• **Collected data**
--- START ---
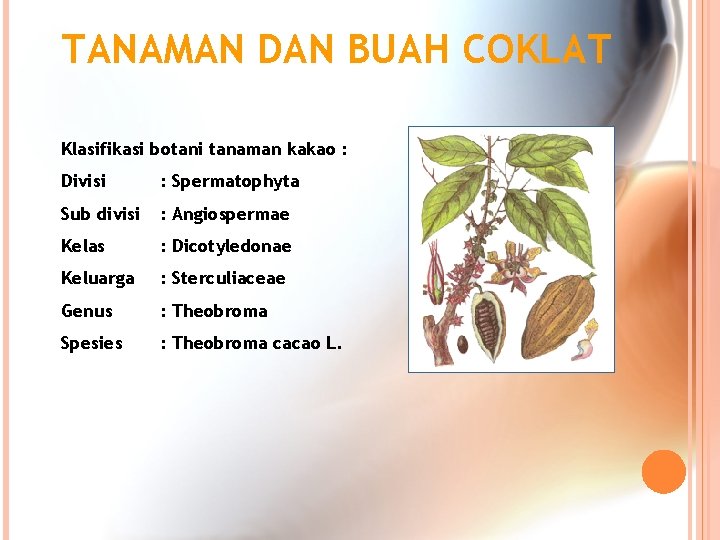 TANAMAN DAN BUAH COKLAT Klasifikasi botani tanaman kakao : Divisi : Spermatophyta Sub divisi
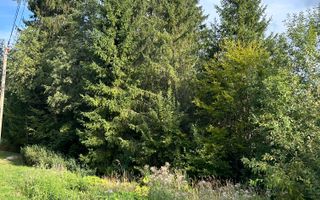 Teren generos de 8.267 mp în Predeal, Strada Nicolae Bălcescu. - Poză 5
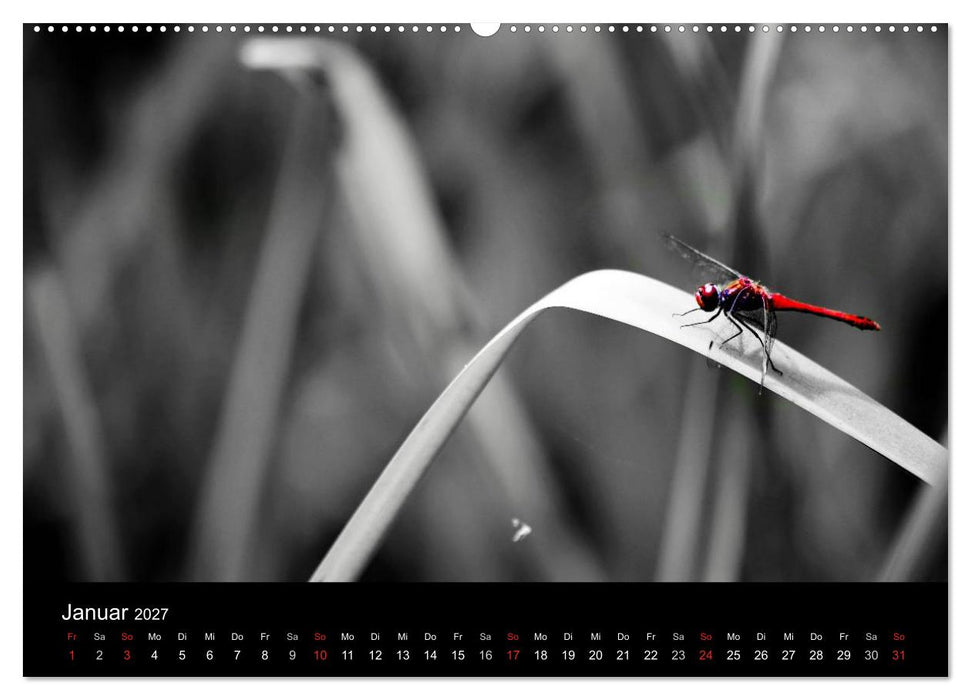 Farbtupfer (CALVENDO Wandkalender 2027)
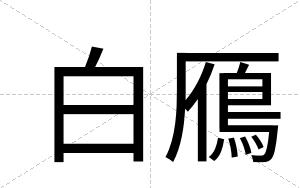 白鴈 白鴈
--- END ---
• **Exercise**
Transcribe the listing exactly. Its images are to be omitted.

• **Output**
 TANAMAN DAN BUAH COKLAT Klasifikasi botani tanaman kakao : Divisi : Spermatophyta Sub divisi
 Teren generos de 8.267 mp în Predeal, Strada Nicolae Bălcescu. - Poză 5
 Farbtupfer (CALVENDO Wandkalender 2027)
 白鴈 白鴈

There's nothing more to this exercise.